Mediodía en la provincia de Jaén

David Avilés

Petróleo, petróleo, petróleo

La opinión de David Avilés


Nunca estaremos lo suficientemente agradecidos a Donald Trump, el personaje más influyente del mundo en las últimas décadas. Lo ha conseguido. Ya nadie podrá hurtarle una relevancia a la altura del que más. El presente es suyo y el futuro, su herencia, perdurará por muchos años.

Esto es lo peor: la brutalidad, el desprecio a la Ley., la homofobia, la xenofobia, el matonismo, la ignorancia, el ensañamiento con los débiles…son las señas de identidad del pensamiento trumpista que están enraizando con fuerza en todo el mundo.



Capítulo aparte merece el asunto del petróleo. El esfuerzo de tantos años por ir sustituyendo las energías fósiles por las renovables, más baratas y menos perjudiciales para la salud, se está viniendo abajo. El lobby del petróleo, cuyo principal valedor parece ser el propio presidente estadounidense, ha logrado dar la vuelta a todas las teorías científicas y hacernos recelar de las renovables, aunque en nuestro país nos permitirían ser autosuficientes energéticamente y ahorrarnos la multimillonaria factura del petróleo, principal lastre de nuestra economía.

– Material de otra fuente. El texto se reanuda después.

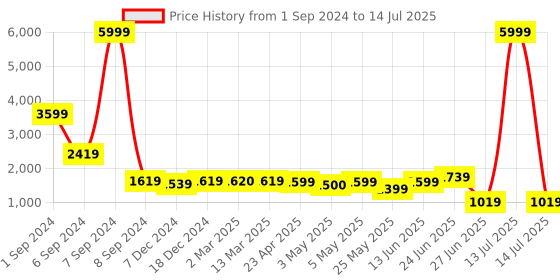 myntra.com PLANET WALK Textured Party Block Mules planet walk Price History Graph from 1 Sep 2024 to 14 Jul 2025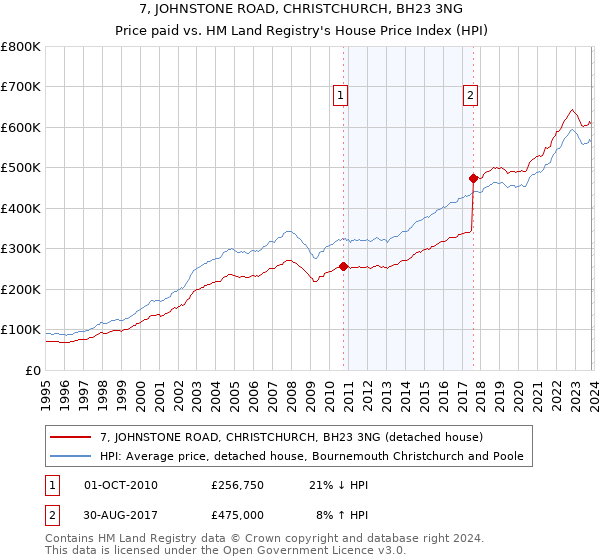 7, JOHNSTONE ROAD, CHRISTCHURCH, BH23 3NG: Price paid vs HM Land Registry's House Price Index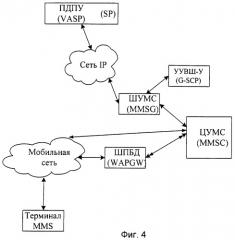 Система мультимедийных сообщений и способ отправки мультимедийных сообщений (патент 2388179)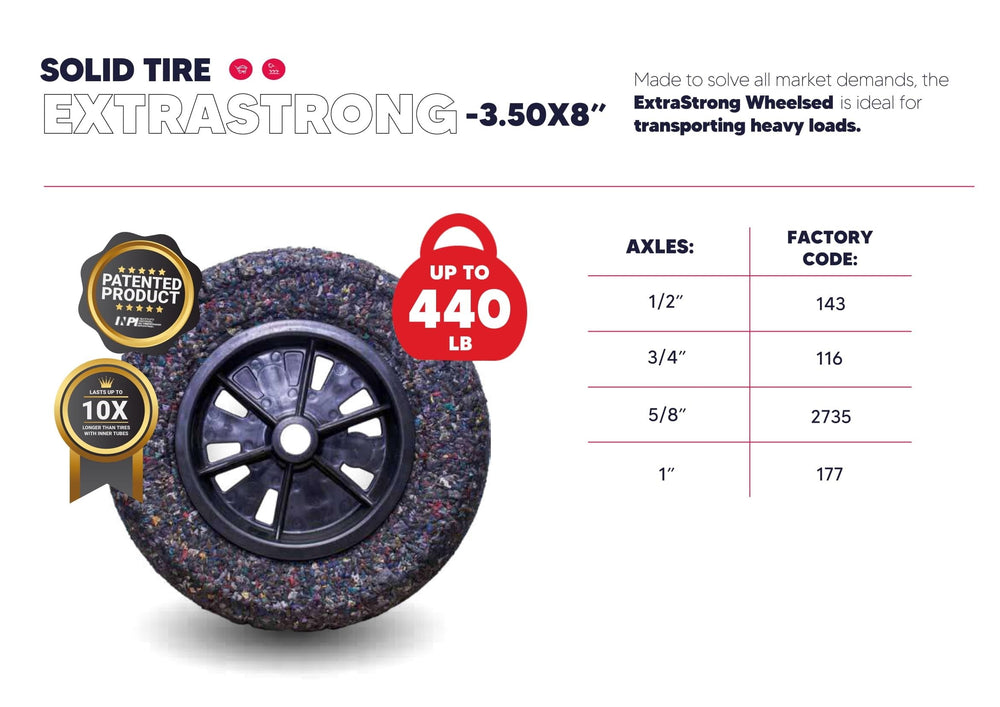 Generic rim and hub detail showing brand and stable load-bearing design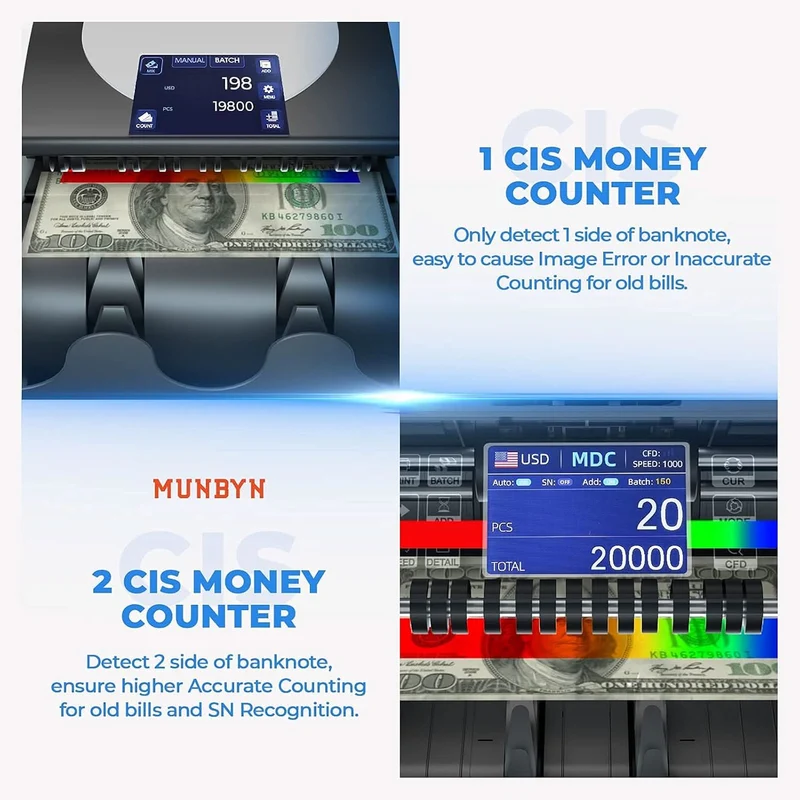 MUNBYN IMC01 Mixed-denomination Money Counter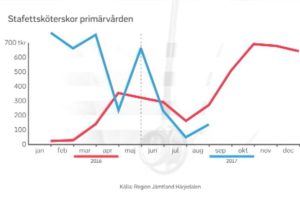 Minskade kostnader för stafettpersoal i Jämtland Härjedalen.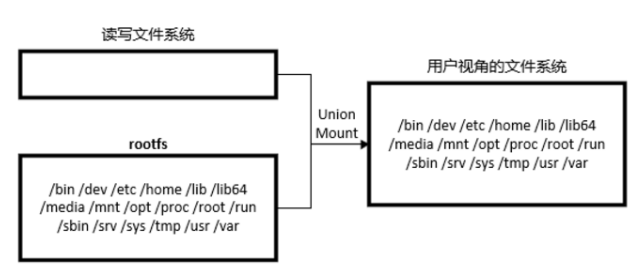 docker镜像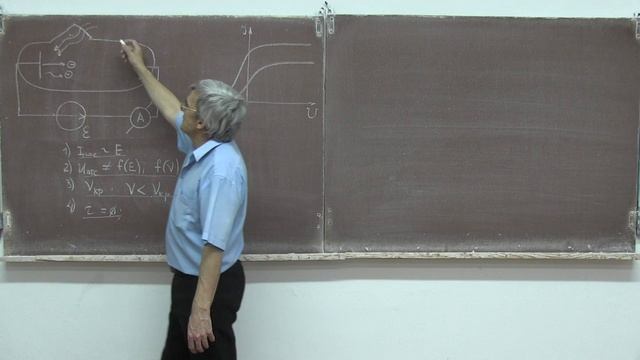 Лекция 264. Внешний фотоэффект смотреть онлайн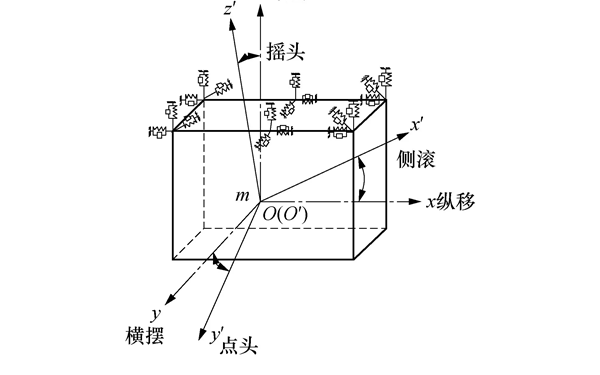 柴油發(fā)電機(jī)組縱振示意圖.png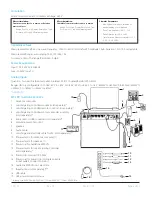 Preview for 6 page of FHC 66-EL-LP Directions For Use Manual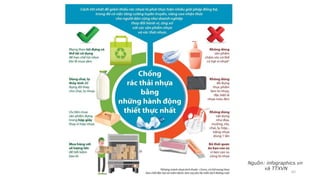 65
Nguồn: infographics.vn
và TTXVN
 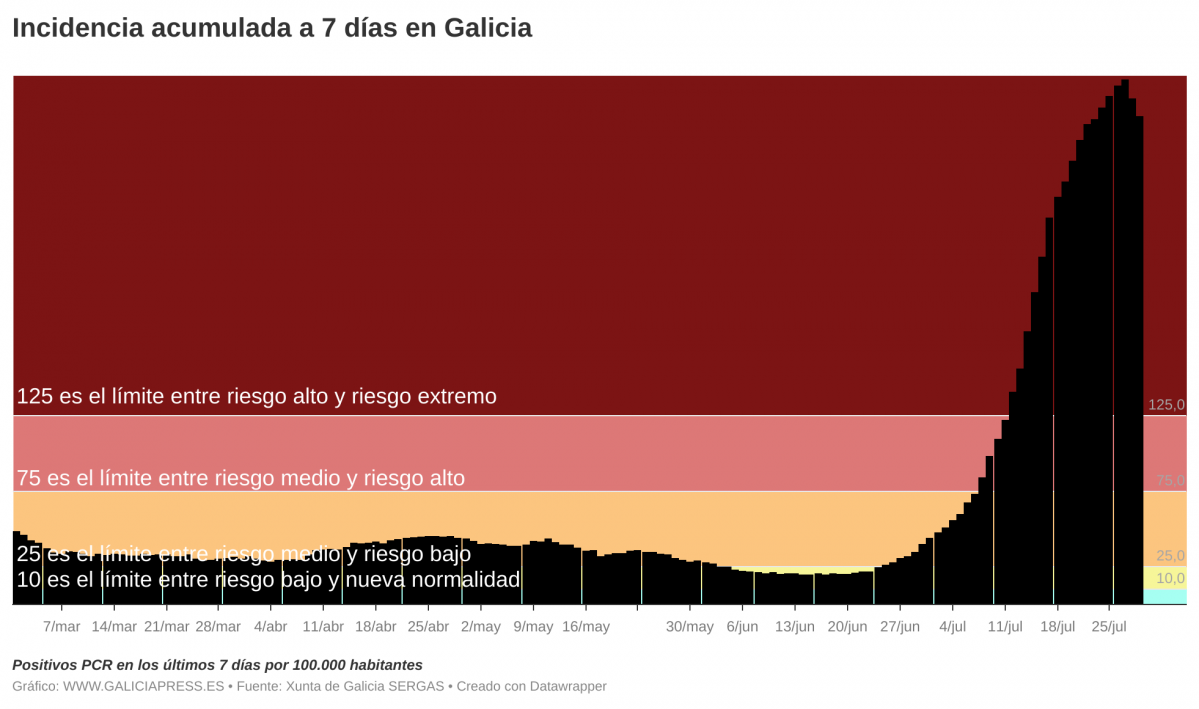 I3OMx  b incidencia acumulada a 7 d as en galicia b  (3)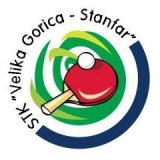 Petrović osvojio međunarodni turnir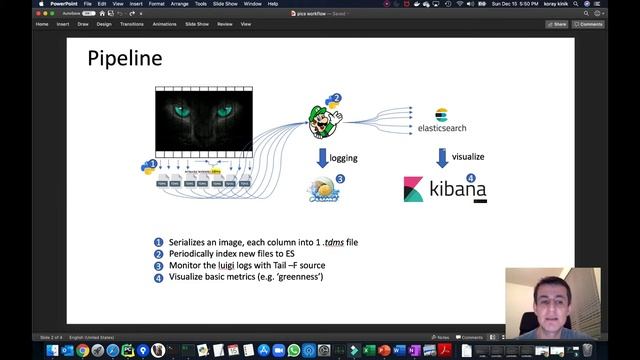 CSCI E-88 - Final Project Trailer - IIoT Data Streaming and Visualization Pipeline смотреть онлайн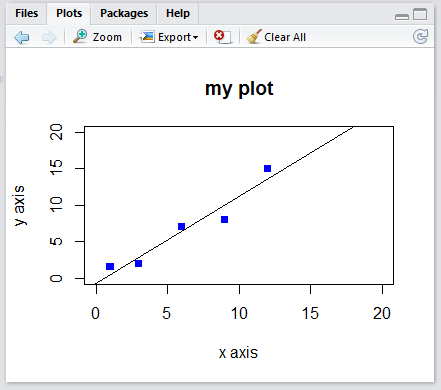Chart in R-Studio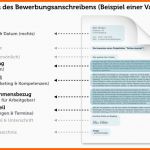 Beste 15 Bewerbung Geringfügige Beschäftigung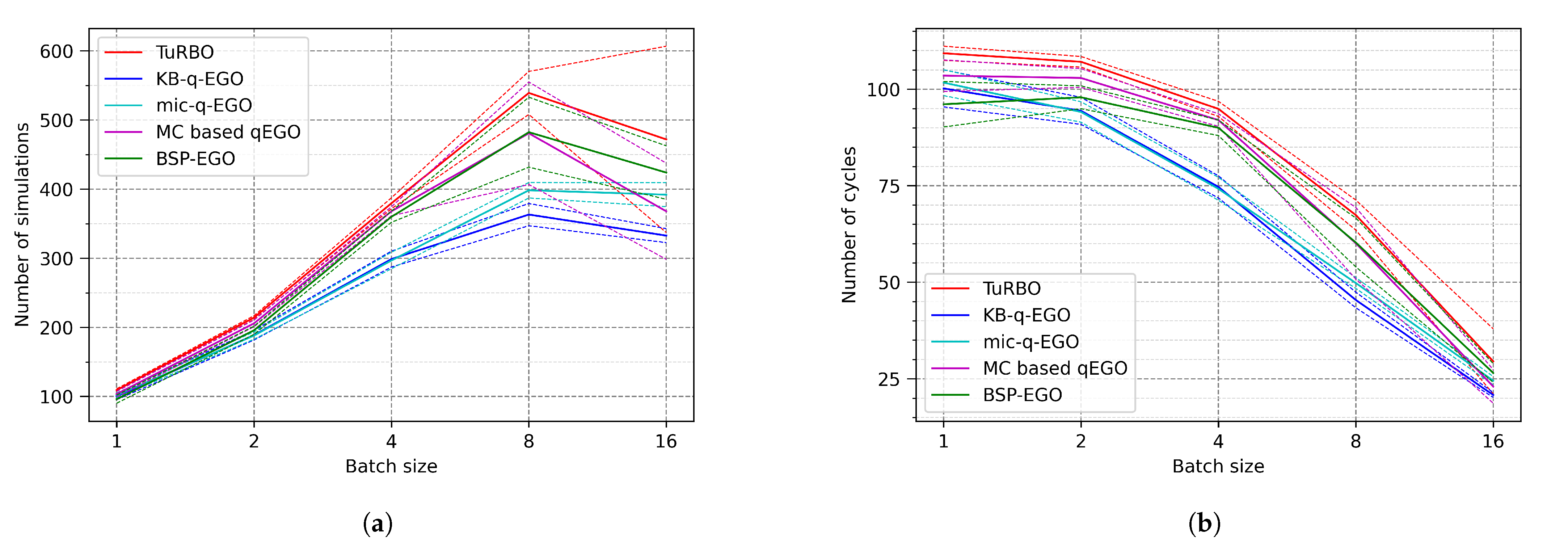 Algorithms 15 00446 g009 Algorithms 15 00446 g009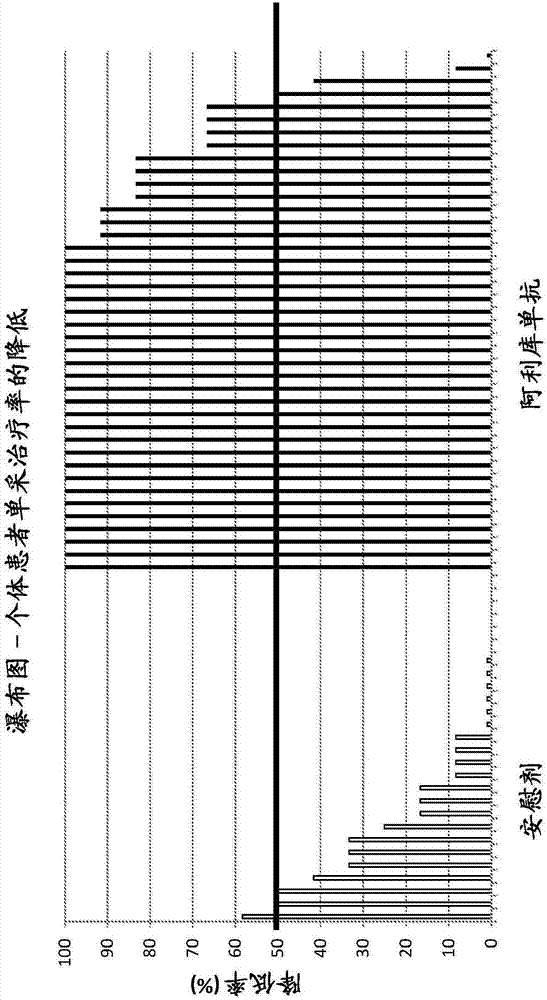 抗PCSK9抑制性抗体用来治疗接受脂蛋白单采的高脂血症患者的制作方法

¿Y en Jaén? Pues más de lo mismo. Lo último es la oposición a las plantas de biometano, es decir, a obtener gas, energía, de la ingente cantidad de alperujo, el subproducto que se genera tras la extracción del aceite de oliva.

Con todas las prevenciones, con todas las cautelas, de entrada, parece razonable que, si la tecnología está suficientemente contrastada y el proceso industrial es viable y rentable, tendría sentido apostar por esta actividad que, entre otras bondades, generaría un nuevo valor añadido al olivar y un ingreso adicional para el agricultor.

Pero bueno, también hay otra opción, la de seguir comprando gas natural a los Estados Unidos. Así, todos contentos. Y lo que es más importante: el jefe también.